*** Opening Given information ***

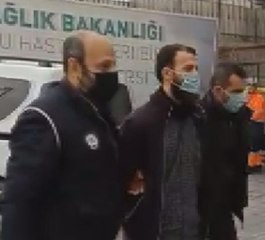 Son dakika haberleri: KONYA'DA DEAŞ OPERASYONU: 7 GÖZALTI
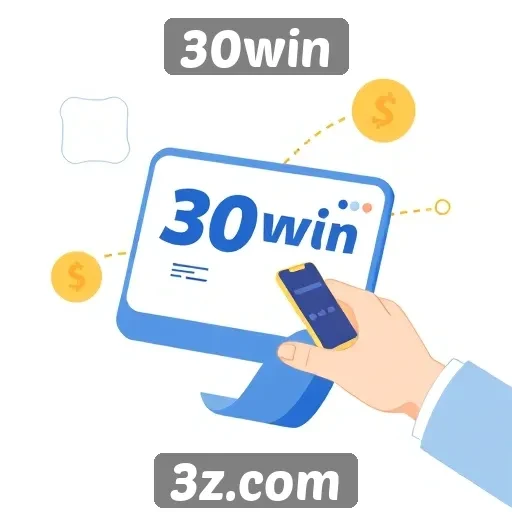 Métodos de pagamento disponíveis no 30win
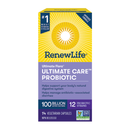 Ultimate Care Probiotic · Shelf Stable · 100 Billion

*** Closing Given information ***

▶ What you need to do: Every line of the listing must be reproduced exactly, though the pictures are to be left out.

▶ Answer to this problem:
 Son dakika haberleri: KONYA'DA DEAŞ OPERASYONU: 7 GÖZALTI
 Métodos de pagamento disponíveis no 30win
 Ultimate Care Probiotic · Shelf Stable · 100 Billion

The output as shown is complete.